The parliamentarians then began discussing the recently concluded National Conference, with reference to the agitation by some groups for more youthful representation. “Is it people that would be pressing their phones during deliberations, that would have been sent there?” asked Mr. B. At this point, Mr. E started recounting his experiences during the annulled 1993 elections and the protests that followed. Mr. A was adamant that young people don’t know their bearings, dress wrongly, and so should not have had any business discussing national affairs, “You need to understand the past before you can plan for the future”. I sat next to him, knowing fully well that he was making an incorrect generalization, but not wanting to burst his bubble.
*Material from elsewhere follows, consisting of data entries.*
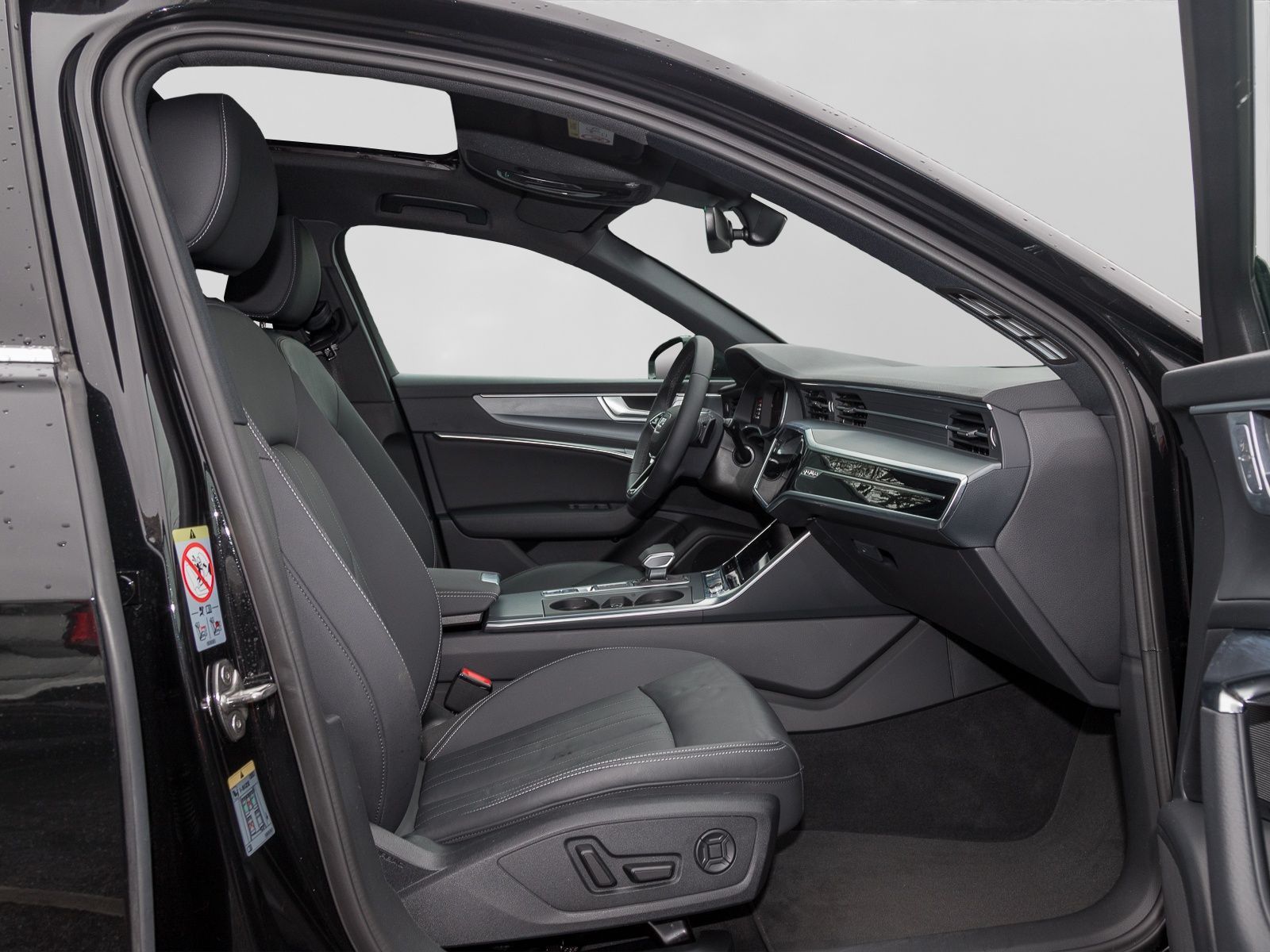 Audi A6 Avant 40 TDI Q ADVANCED - Samsaru's Car Outlet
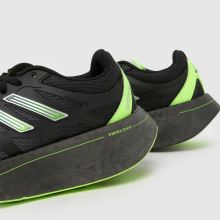 adidas Adizero Aruku Youth in Black & Grey adidas Adizero Aruku,4 of 4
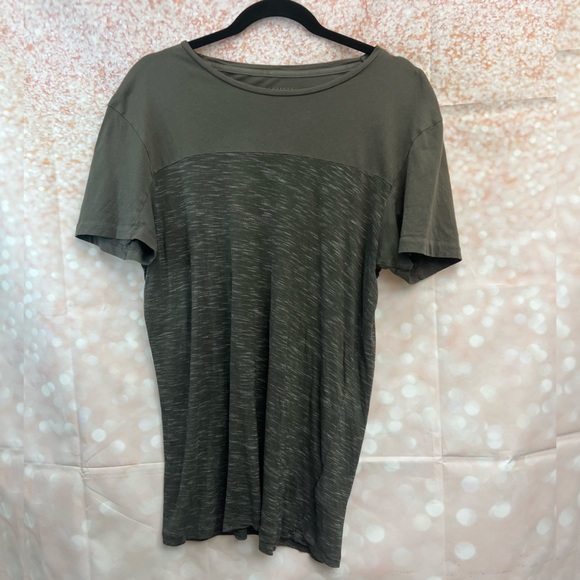 🦄SOLD🦄 AllSaints Pavant Crew Short Sleeve T-Shirt - Picture 2 of 9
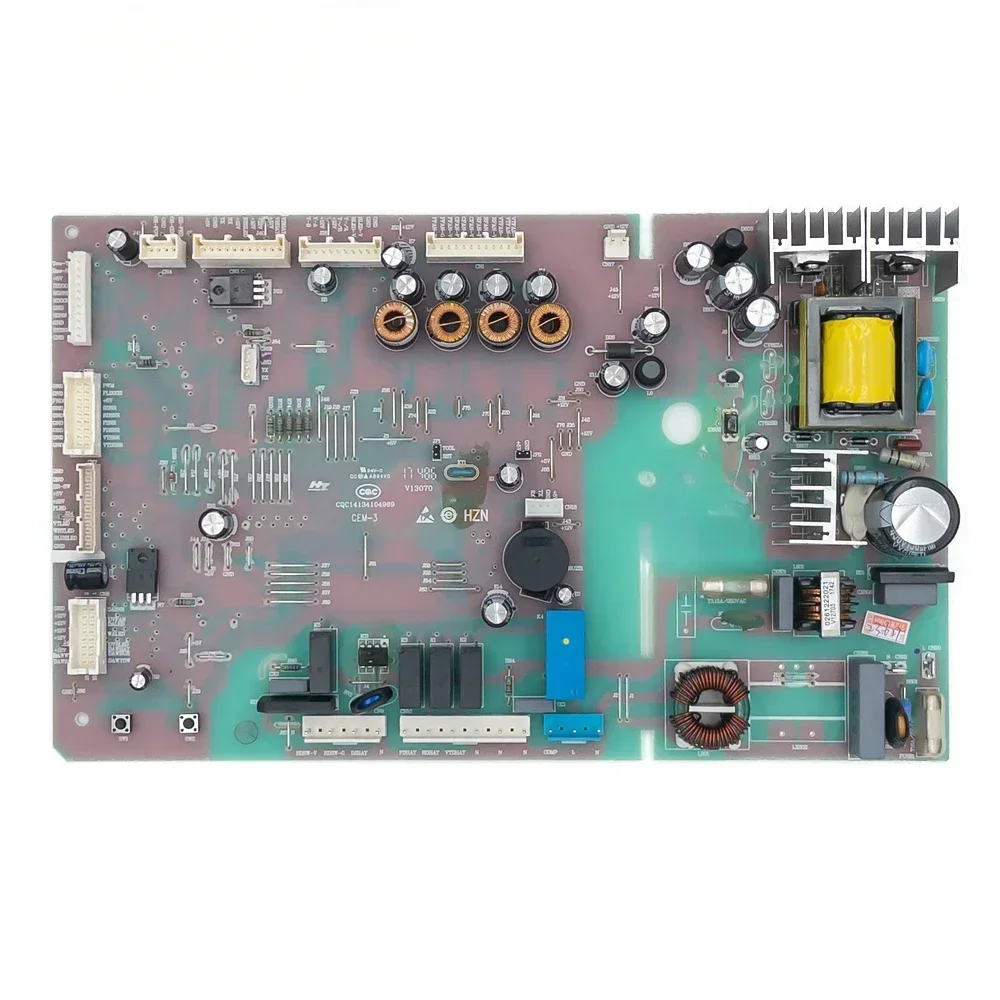 

New 0061800259 Circuit PCB V98505 Control Board For Haier Refrigerator Fridge Motherboard Freezer Parts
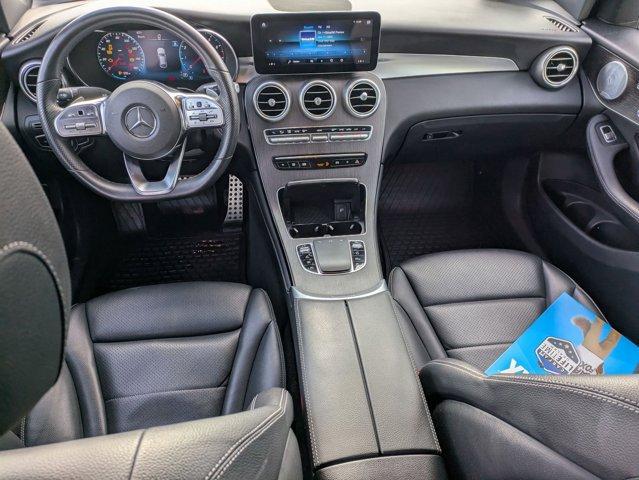 used 2020 Mercedes-Benz GLC 300 car, priced at $29,961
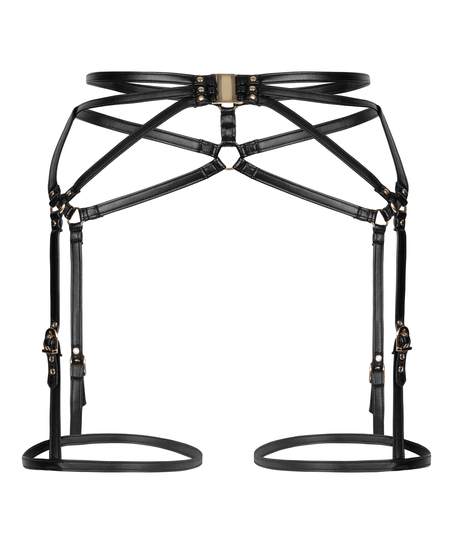 Suspenderbelt, Black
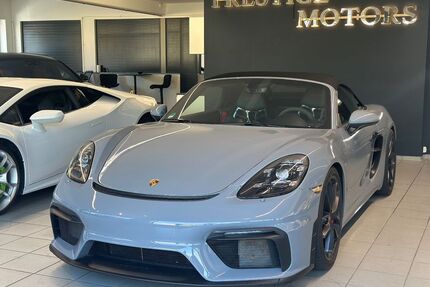 Porsche Boxster Gebrauchtwagen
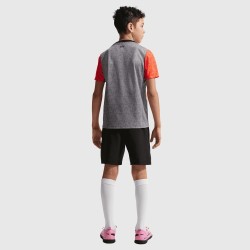 Niño Chelsea 2025/26 Tercera Camiseta Pre-Partido Gris Niño Chelsea 2025/26 Tercera Camiseta Pre-Partido Gris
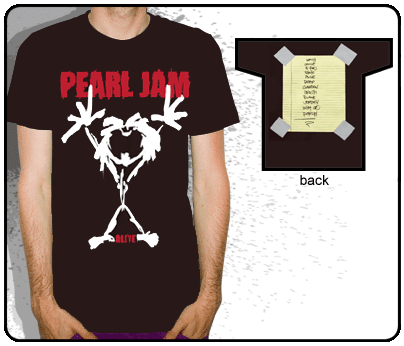 Pearl Jam - Stickman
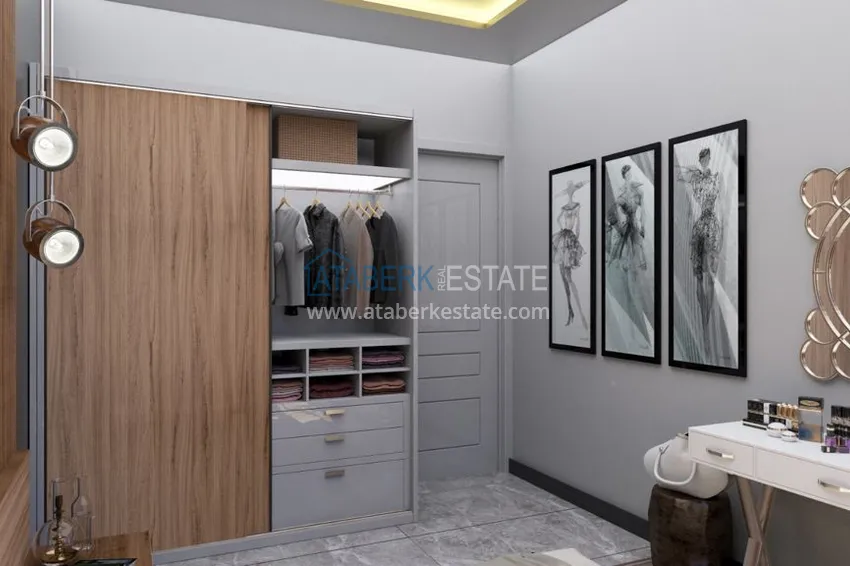 Purchase Apartment in Mahmutlar from an investor in a residential complex under construction 5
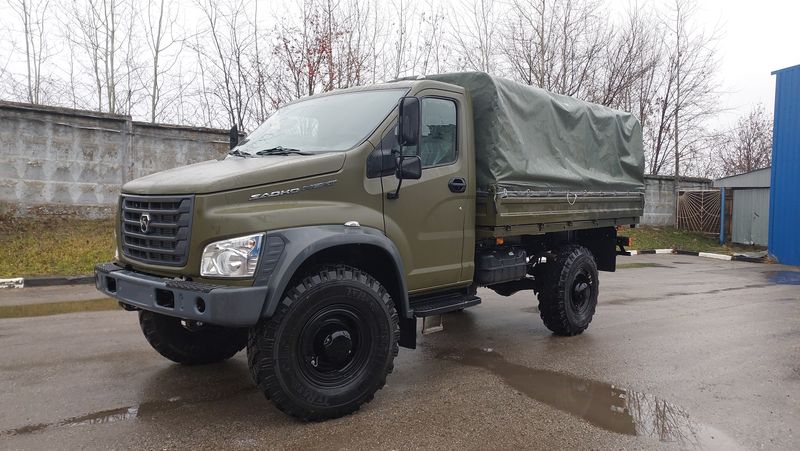 Садко Некст 4х4 Военный Хаки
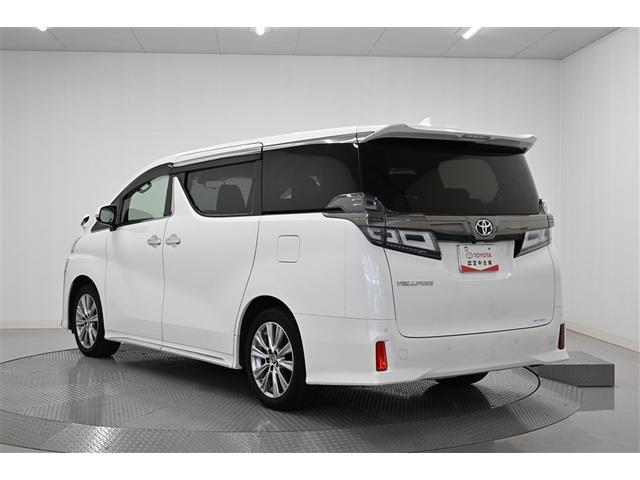 ヴェルファイア 2.5 ゴールデンアイズIII 両側電動スライドドア DVD スマートキー ドライブレコーダー ETC オートクルーズコントロール フルセグテレビ Bカメラ TSS(4枚目)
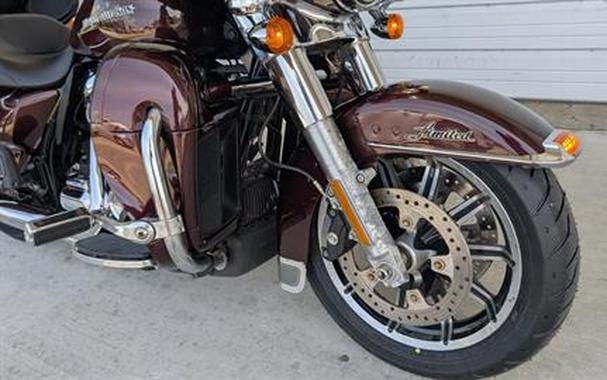 2018 Harley-Davidson Ultra Limited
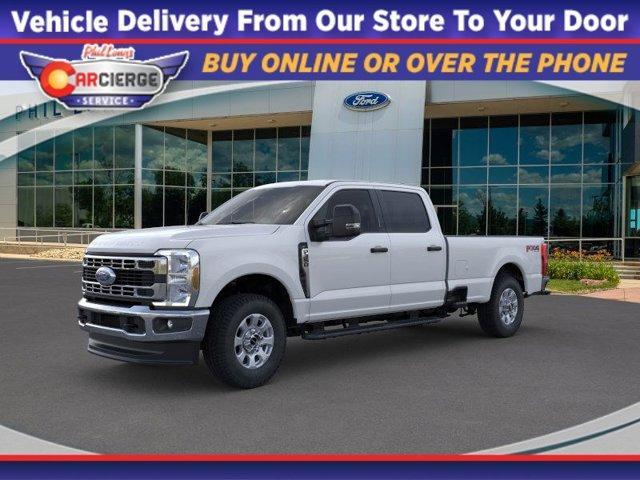 new 2024 Ford F-350 car, priced at $61,055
The parliamentary proceedings continued fluidly, covered provocative dressing, increasing rape by paedophiles, and returned to the opening discussion on the Chibok girls. Messrs A, B, C, E and Miss. L believed that “if the girls were actually kidnapped, the parents were likely at peace with the situation since they had been ‘settled’”. They based this thought on the culture of early marriage in the North, with Miss. L saying she heard the parents had been “settled with one million naira each”, and claiming that the Bring Back Our Girls protest was now political as “no parent came out to protest”. Only Mr. D opposed this view, saying “no parent will sell his/her child”. All the others retorted that “if a Yoruba or Igbo child was among the kidnapped girls, her parents would not let matters lie”.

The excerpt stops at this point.